The smugness of this yearning for the past, born of seeming self-awareness, is more objectionable than the frank wistfulness of Camden Yards, where the Disney factor is so overt that visitors can’t help knowing they are attending a game in a theme park. Far from preserving everything of value in the heritage of a city, these sorts of places erase and replace.

There is a reason the area around Dodger Stadium was not originally developed: Within the (sub)-urban mythos of L.A., it is marginal land. However we may deplore such thinking now, it was slated for public housing because it was seen as less valuable.

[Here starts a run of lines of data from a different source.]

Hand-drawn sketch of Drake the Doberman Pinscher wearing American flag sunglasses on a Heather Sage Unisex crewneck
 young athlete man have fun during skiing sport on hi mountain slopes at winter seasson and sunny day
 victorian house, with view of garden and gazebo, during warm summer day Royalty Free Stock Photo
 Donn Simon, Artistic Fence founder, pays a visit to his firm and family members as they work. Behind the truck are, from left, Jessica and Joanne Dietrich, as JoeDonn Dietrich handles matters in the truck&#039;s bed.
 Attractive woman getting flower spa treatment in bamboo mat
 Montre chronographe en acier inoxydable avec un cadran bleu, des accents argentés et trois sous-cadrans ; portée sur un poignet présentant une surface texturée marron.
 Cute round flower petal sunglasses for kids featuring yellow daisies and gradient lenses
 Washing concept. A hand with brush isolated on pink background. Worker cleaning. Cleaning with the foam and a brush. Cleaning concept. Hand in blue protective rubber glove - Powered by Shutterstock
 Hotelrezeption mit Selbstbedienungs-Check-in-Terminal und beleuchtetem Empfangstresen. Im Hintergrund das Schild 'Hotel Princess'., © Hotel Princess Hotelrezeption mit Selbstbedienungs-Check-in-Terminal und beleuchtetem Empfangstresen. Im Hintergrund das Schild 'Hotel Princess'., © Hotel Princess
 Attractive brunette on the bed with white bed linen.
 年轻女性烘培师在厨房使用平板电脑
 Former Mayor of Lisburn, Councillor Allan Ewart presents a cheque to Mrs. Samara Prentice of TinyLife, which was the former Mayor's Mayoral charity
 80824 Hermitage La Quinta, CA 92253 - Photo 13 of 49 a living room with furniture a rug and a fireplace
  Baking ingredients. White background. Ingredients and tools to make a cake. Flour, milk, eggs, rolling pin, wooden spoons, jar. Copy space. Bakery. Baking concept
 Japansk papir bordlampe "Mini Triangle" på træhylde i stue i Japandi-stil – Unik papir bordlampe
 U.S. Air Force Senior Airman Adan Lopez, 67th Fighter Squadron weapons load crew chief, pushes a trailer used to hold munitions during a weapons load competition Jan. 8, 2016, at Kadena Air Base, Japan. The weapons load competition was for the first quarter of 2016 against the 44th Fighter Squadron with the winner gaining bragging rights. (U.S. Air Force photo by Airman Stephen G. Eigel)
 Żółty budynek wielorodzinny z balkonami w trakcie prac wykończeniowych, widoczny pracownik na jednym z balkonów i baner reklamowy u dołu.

It would be far more interesting--and L.A.--to explore the anomalous aspects of this so-called hole in the city rather than fill it in with some nostalgic Disney pastiche.

The city should officially adopt the approach now taken by archeologists to conserve their finite resources--bury the whole issue, walk away and leave it for future generations, who might have a better, more responsible way of handling it. This will seem like naive waste to the developers, and a breach of entitlement to the rights groups, but I don’t think either has the vision to avoid squandering this chance.

L.A.’s vision of itself has never been the same as the rest of the country’s until the rest of the country comes along. That exceptional kookiness is part of L.A.’s charm. Dodger Stadium’s presence in L.A. is similarly, and appropriately, anomalous. A call to reform the stadium’s context must be taken as a sign of L.A.’s waning confidence as the capital of contemporary culture.